David Pratt is a journalist I rate very highly. He is the foreign editor for The Herald and Sunday Herald newspapers, and reports with engagement and passion on conflict and humanitarian issues around the world. He recently wrote a very good column about Palmyra, and I tweeted a link to it with a comment that he then picked up on, and a conversation developed. I thought it might be interesting to post it here, with a further comment. Pratt’s original article is here: Caring about people and art is one and the same thing, and I warmly recommend it.
Here’s my tweet, and the ensuing conversation can be read below it (may need a separate tab/window to see it in full; I’ve also created an image of the conversation below; the IS article I linked to is one I wrote for the Critical Religion Association):
Pratt explains that:
Now however, Palmyra’s colonnades, sculptures, friezes and temples stand threatened by the hammers, bulldozers and barbarism of the terrorist army that is Islamic State (IS).
Since this news broke no end of writers have made the case that something has to be done to save Palmyra from IS. But others too have raised the thorny question of whether saving priceless antiquity is as important as saving people?
Quite rightly these same observers also ask why it is that the world is suddenly sitting up and taking notice of Syria’s plight because of Palmyra, while calls for intervention on a purely humanitarian basis have for years been few and far between.
He goes on to find himself surprised to agree with Boris Johnson:
I have never been known to agree with Boris Johnson on anything, but he was correct when he wrote this week that what we are witnessing in Syria and Iraq today isn’t a clash of civilisations, but a ‘struggle between civilisation and nihilism’. Muslims and non-Muslims alike find the scarcely believable cruelty and barbarism of IS an abomination. The treasures of Palmyra like all art, is part of our common human heritage.
The problem that I had with this was the oppositional nature of ‘civilisation and nihilism’ – that kind of binary rarely helps further meaningful understanding (not a surprise when it comes from someone like Johnson…!). The two authors I mentioned in my tweets are worth reading on this (Gilbert Achcar – and a search will also reveal related shorter pieces/videos – and Timothy Fitzgerald), but there are many more. In fact, I was surprised that Pratt (although noting that Twitter isn’t an ideal space for discussions such as these), appeared to dismiss thinking about how we might understand IS beyond such binaries, and this is really what I want to comment on here:
How, for example, does a view such as this help us understand anything about IS?

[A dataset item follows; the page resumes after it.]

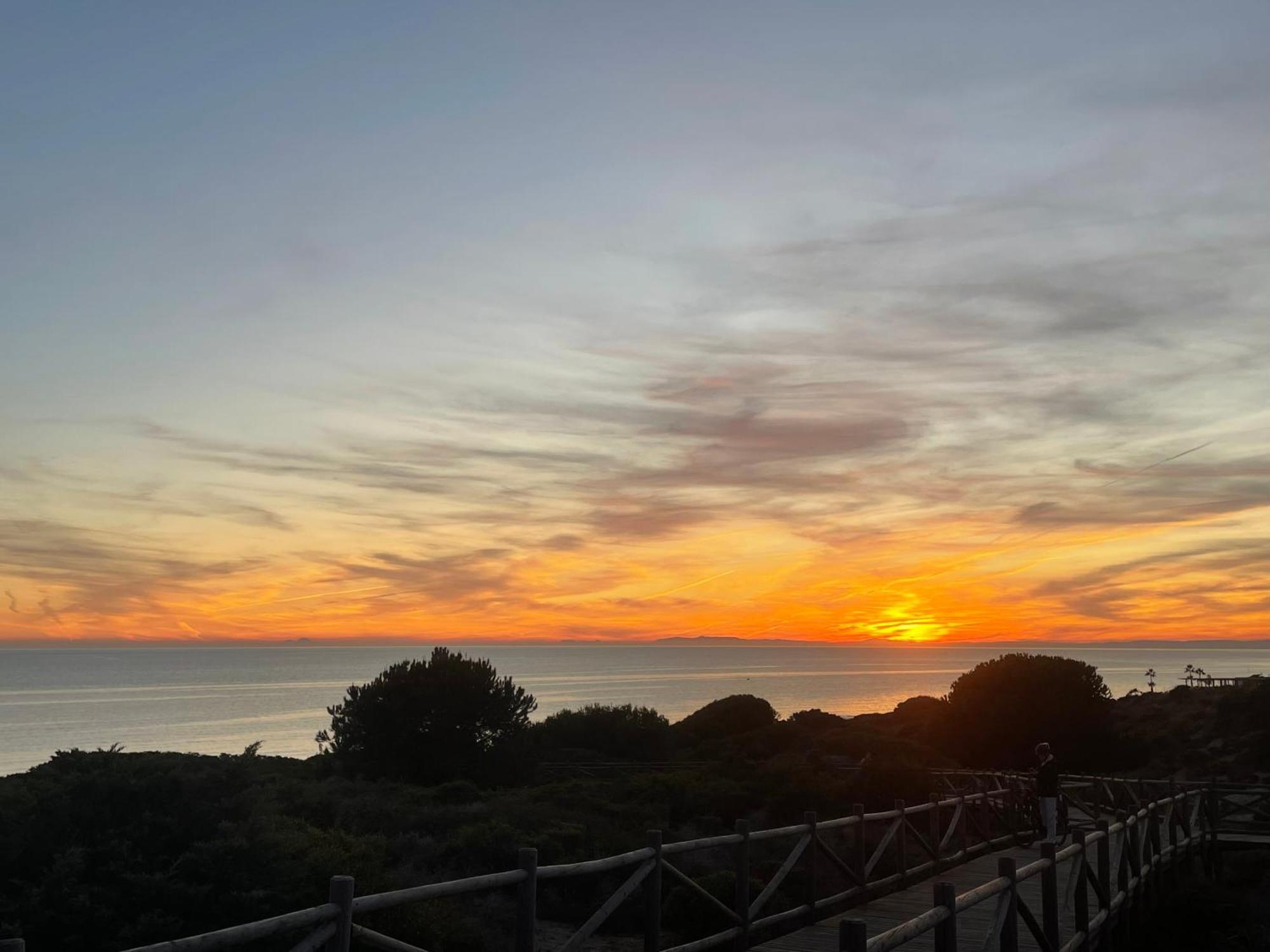 Sol Y Dunas Marbella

I think, if we want to have any chance of defeating it, we must try to understand what IS is about, what it seeks to do, and why it is winning, as Shadi Hamid argues (it’s worth reading his other tweets/links on this too: intro, 1, 2, 4, 5):
It is not the case that IS is uniquely strong, as Martin Chulov reports in quoting an officer from Ramadi:
“They are not winning because they are powerful. They are winning because we are weak. I’m not sure about Syria, but I think it’s the same there.”
However, we do need to understand why they are as strong as they are. There is an urgency to this, as reports of horrific brutality emerge day after day, but that does not negate the importance of thinking about it – quite the contrary. Not understanding its origins, aims, objectives and so on means we are simply flailing around, raining missiles down from a great height with little effect (beyond adding to the horrific carnage on the ground), as the BBC’s Frank Gardner has written.
We must ask the right questions if we want meaningful answers, as I sought to argue in the Critical Religion blog, and making simplistic statements such as Pratt’s ‘IS is not a religion its a terrorist organisation’ does not help us understand IS, nor does it help defeat it/them. Terror is a tactic, and whilst it can be used in constructing certain elements of an identity (which I presume is what Pratt was arguing here), we need to think harder about what we are combating and why, including what kind of ‘after’ we are wanting to achieve. IS does, clearly, appeal to some, and so at the very least we have to ask what will replace IS if ‘we’ do succeed in overcoming it.
Of course, it’s not clear to me exactly what the ‘after’ will be – and I don’t think it is to anyone else either! – and whilst at this stage it is hard to see how there cannot be a military element to the present situation, there also has to be much more than that. A military response is only ever a tool in a wider set of approaches, and thoughtlessly engaging the military is relatively easy in this context, but doesn’t necessarily help in the longer term. If we don’t bother asking the hard questions and simply portray IS as ‘a terrorist organisation’ (as if that even meant anything in this context!), then we should not be surprised that we have no answers to what these other approaches should be. That is why, for example, Christoph Reuter‘s work on the background to IS is so important: it shows, amongst other things, that the roots of IS lie in the aftermath of the US/UK-led 2003 invasion of Iraq. That was an occasion when George W Bush and Tony Blair (in)famously gave very little thought to the ‘after’ – we should not be making the same mistake again.